Is that set up properly? I disabled Telnet and SNMP myself as part of this ongoing process.

I also tried adding a rule in Comodo blocking port 80 and the Web immediately ceased to work. How can I block/stealth it and still access the Web etc?

[attachment deleted by admin]

If you are interested to test applications like Interface Traffic Indicator you could enable SNMP on your LAN at a later time.

The TFTP service on the LAN is often used for emergency recovery/maintenance of the router, on other models is often automatically activated only during the router bootup.
Since it is unclear if disabling TFTP on the LAN will disable that a well I guess you could leave it to the default.

You could disable the ICMP on the WAN column and test shieldsup again. On other routers that service may affect negatively shieldsup results.

Does disabling telnet on both WAN and LAN stealth port 2523 on shiledsup?
Disabling HTTP on the WAN should have stealthed port 80 as well but it is not possible to disable HTTP on the LAN as this will prevent you to access the router admin web interface.

If the router keep its HTTP/port 80 service active on the WAN no Comodo rule could affect that, though the router should at least deny any access from the internet.

The router itself act as a middleman and could be considered equivalent to a separate PC.
You could configure the firewall to block what your PC send to the router or what the router send to your PC but not what somebody else send to the router alone nor what the router will listen from somebody else.

BTW I guess you could Disable and Turn Off IPv6 Support in Vista as well.

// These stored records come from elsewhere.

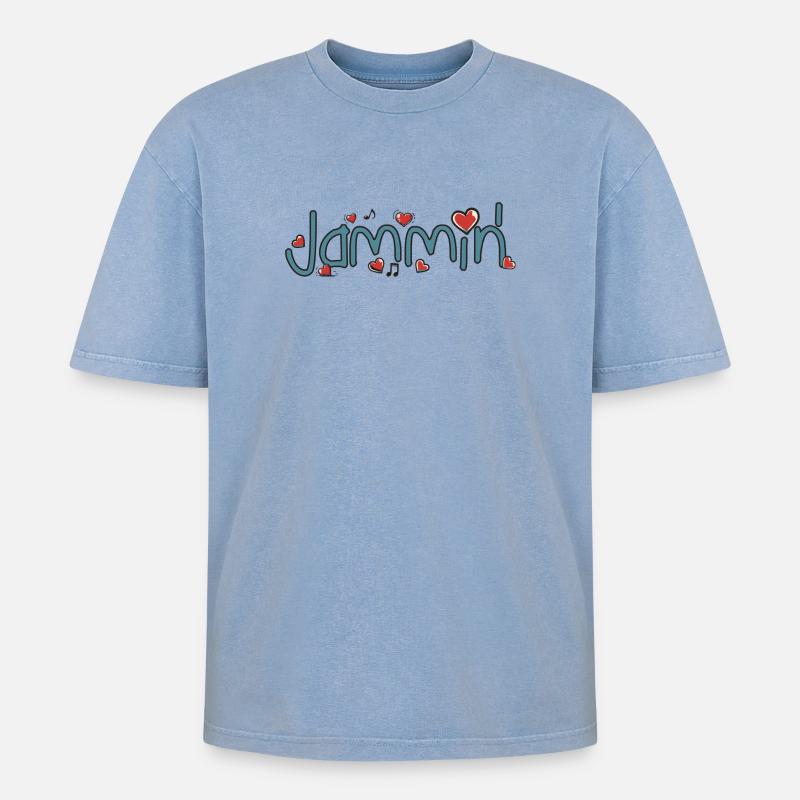 Jammin' - T-shirt Premium unisexe oversize acid-washed - bleu délavé acide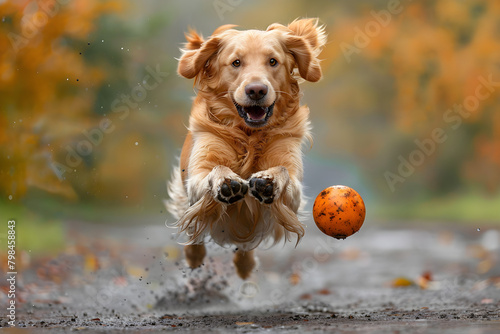 A golden retriever dog jumping happily in the air catching a ball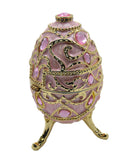 Jeweled Decorative Egg Trinket Box. Made with Enamel & Austrian Crystals Gold Plated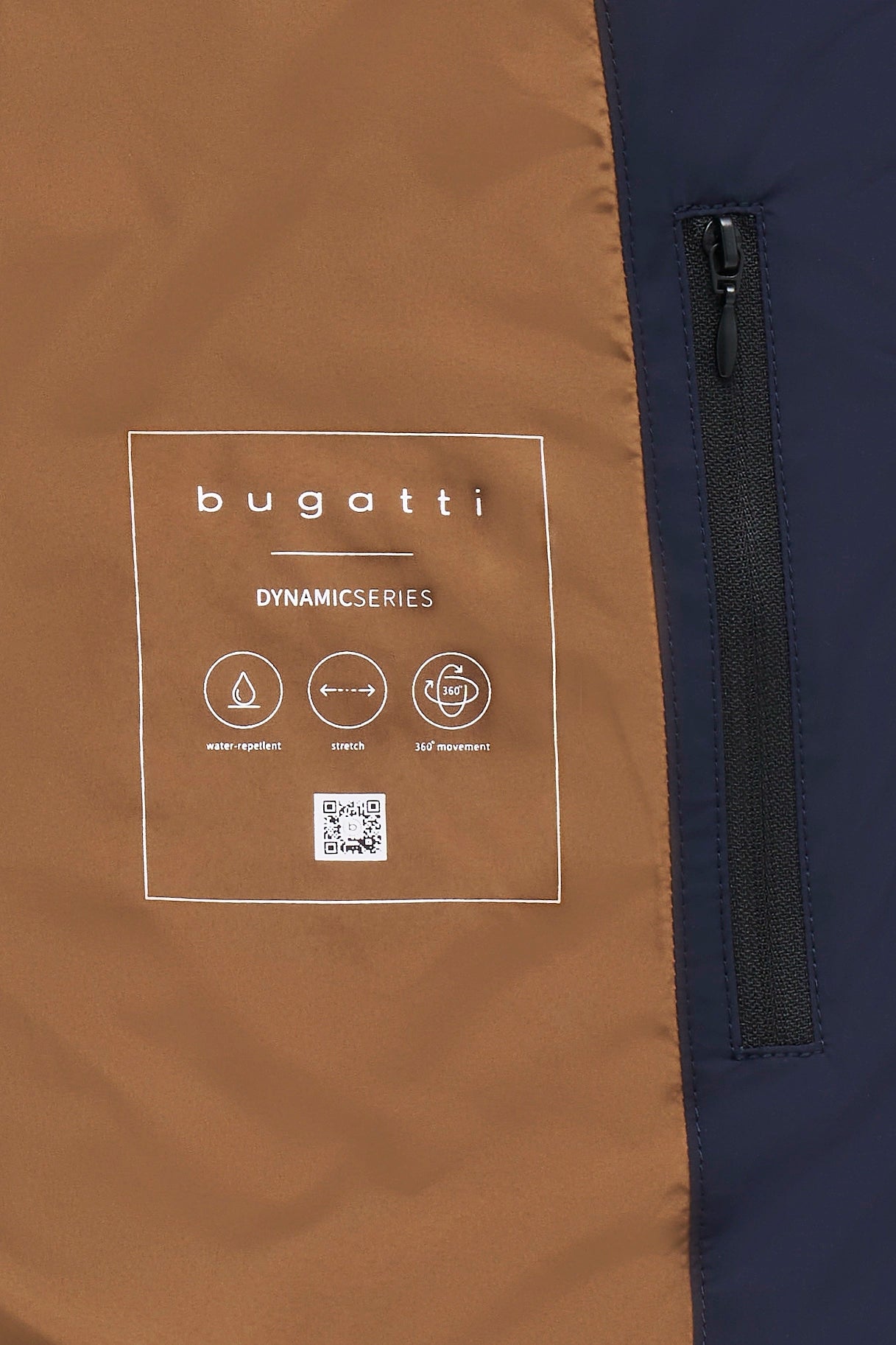 bugatti Jackenfutter, braun und navy, Detailansicht mit Logo und Eigenschaften.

If you wish to follow Endymions good advice about disabling IPv6, you can see my post, for alternative methods and a little background:

Re: Windows Vista NOT completely safe with CIS (IPv6).

I turned TFTP off then since I doubt I’ll need to do any emergency recovery and turned off the ICMP WAN bit too, but Shileds-up still says ports 23 and 80 are open.

Telnet is disabled on both LAN and WAN as in my screenshot but port 23 still shows up as open.

I’m using Windows 7 not Vista, although they do seem to work on the same kernel/core or whatever since all Vista software seems to work fine on 7.

So even disabling telnet on both LAN and WAN didn’t change shieldsup result. :-\

I guess the services are left active but will ignore the requests from the internet.

In case those services were running on your PC it would have been possible to use global rules to block incoming connections

Adding those two rules to the topmost part of Global Rules will deny any connection attempt to port 25 and 80:

BLOCK and LOG TCP IN From IP any Source Port ANY to IP ANY Destination port 80
BLOCK and LOG TCP IN From IP any Source Port ANY to IP ANY Destination port 23 25

Also attempting a shieldsup scan would have those rules log the connection attempt in Firewall Tasks > Common Tasks > View Firewall Events

Sorry it was my mistake, Quill’s tutorial apply to Win7 as well.